When Not To Apologize
Have you ever noticed that we tend to get the apology thing backwards?
Growing up in New Jersey, I remember saying, “sorry” when someone bumped into me in the hallways of Dwight Morrow High School, and then refusing to say “sorry” to my parents when I upset them. And I was even a “good kid”.
Fast forward to today and I find that this “getting it backwards” is still going on.
What’s that about?
A Tale of Three Panelists
Earlier this month, I was involved in hosting a panel. We had three panelists tasked with giving constructive feedback to four research teams as they went through their practice pitches ahead of the real thing later in the year.
Two of the panelists had participated before. They also happened to be male. Both were articulate and confident, and gave their feedback in a straightforward manner. For example,
“I liked the powerful way you began with a narrative that captured my attention.”
“The middle part dragged a bit and you needed to switch gears to provide the data sooner.”
But when the third panelist, who was new to our group and coincidentally female, spoke she said things like,
“This is just a minor comment, but perhaps the strategy could have come through more strongly.”
“I’m not sure how helpful this will be, but I sensed you could bolster your points with some examples.”
She was making excellent points that would help the teams tremendously, but sabotaging herself.
It was all because of those introductory clauses she put in front of her main point, which is called “apology language”.
Even I was discounting what came after the “apology language” precisely because it was there. I had to admit that she came across as not confident, and not worth listening to.
Stop the apology language
After a couple of rounds just to make sure it wasn’t a fluke, I pulled her aside and pointed out that she was making excellent points, but undermining herself by apologizing first.
I was doing this partly for her sake, but also because we were the hosts. We had invited her to join as an expert, and didn’t want our audience to think she wasn't quite up to the role.
She thanked me for reminding her and admitted that this is something she struggles with regularly.
To her credit, she went through the rest of the panel providing feedback “straight up” – without any apology, and using powerful words.
It was much easier to pay attention to what she was saying, and to respect her as an authority (which she is – that’s why we invited her!).
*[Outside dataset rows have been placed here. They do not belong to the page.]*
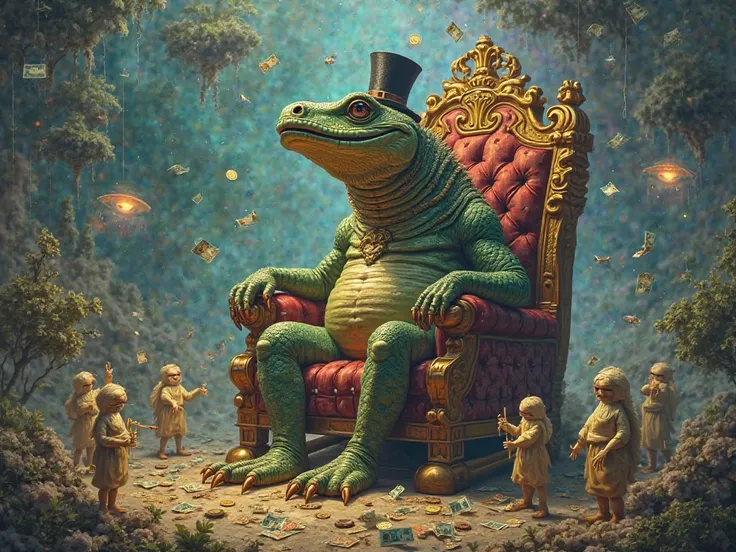 "An Surreal Image Analysis  filled with mystery and oddities. A colossal creature with the head of a monitor lizard and a humanoid body sits on an extravagant throne, wearing a small magical top hat and grinning with a look of greed and danger. Surrounding...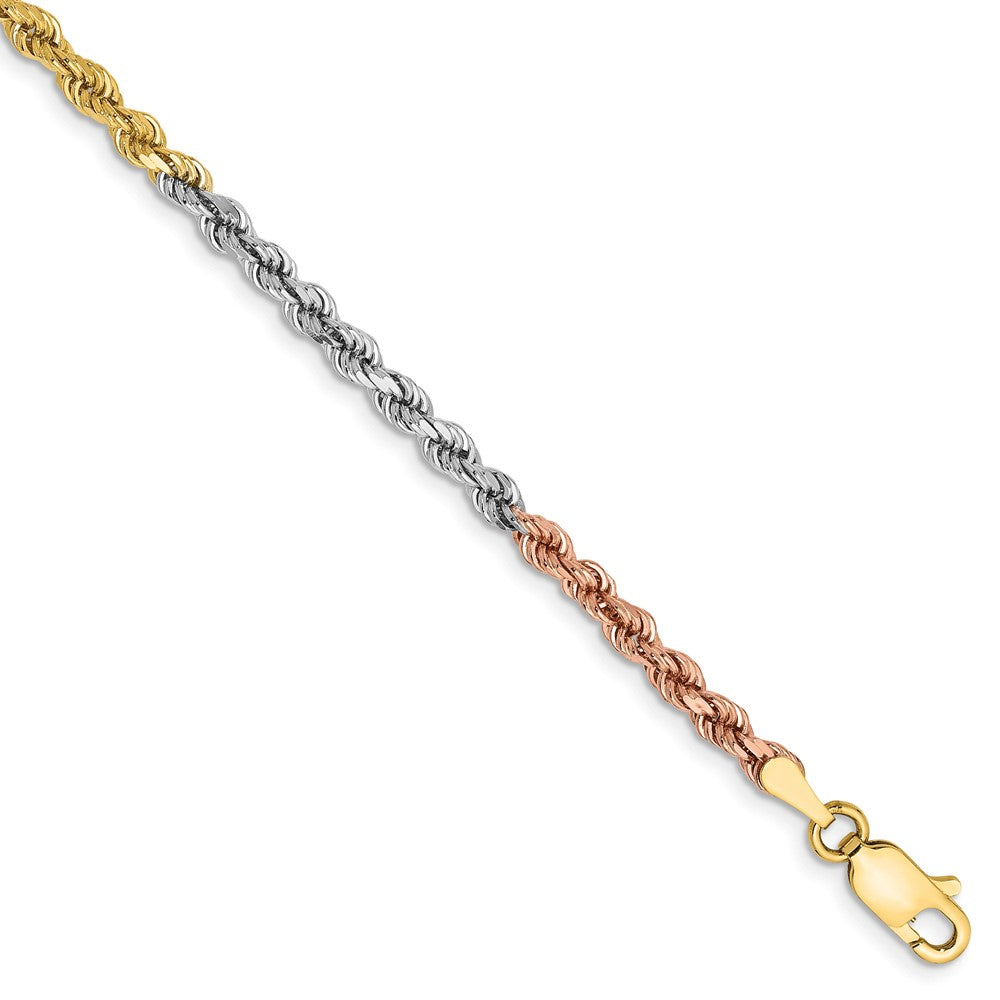 Pulsera de Cuerda de 14k Oro Tricolor de 2.9mm y 7 Pulgadas con Cierre de Langosta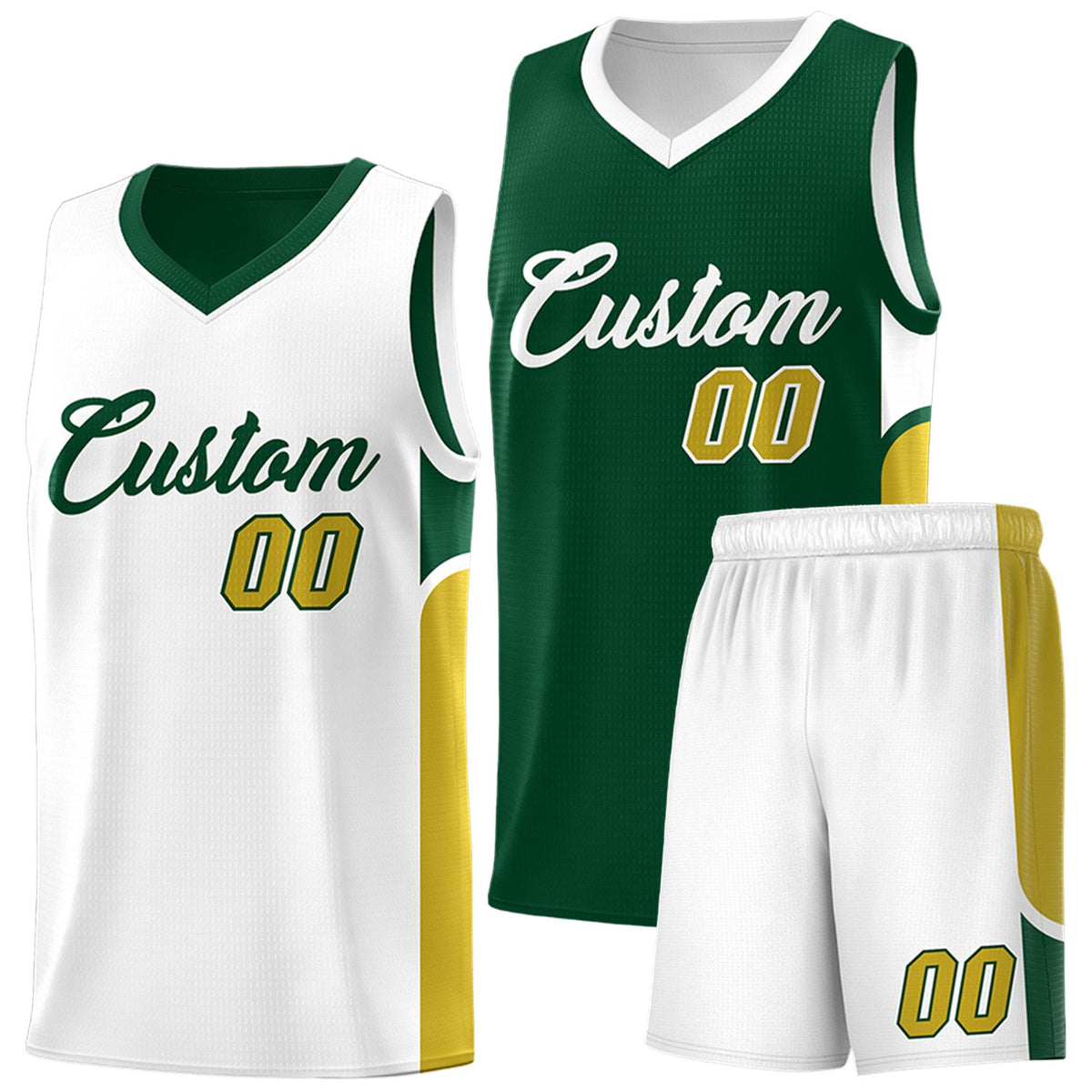 Custom Green White Side U-shaped Patttern Double Side Sports Uniform Basketball Jersey|KXKSHOP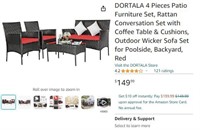 Fm8297 DORTALA 4 Pieces Patio Furniture Set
In this case, it happened to be a woman using apology language. But I’ve seen men do it too. In both cases, it’s inappropriate and diminishes the message and the personal brand of the person speaking.
Who can afford that?!
How we get it backwards
On the other hand, when an apology actually is called for, we often don’t say the words. In some cases, we would like to but are told we can’t apologize for fear of legal repercussions. Like when a company’s product causes harm.
Or it could be when we’re arguing with loved ones and stubbornly refuse to say “I’m sorry” even after the heat of the moment has passed. Speaking personally, it’s often due to pride. And perhaps sheer stubbornness.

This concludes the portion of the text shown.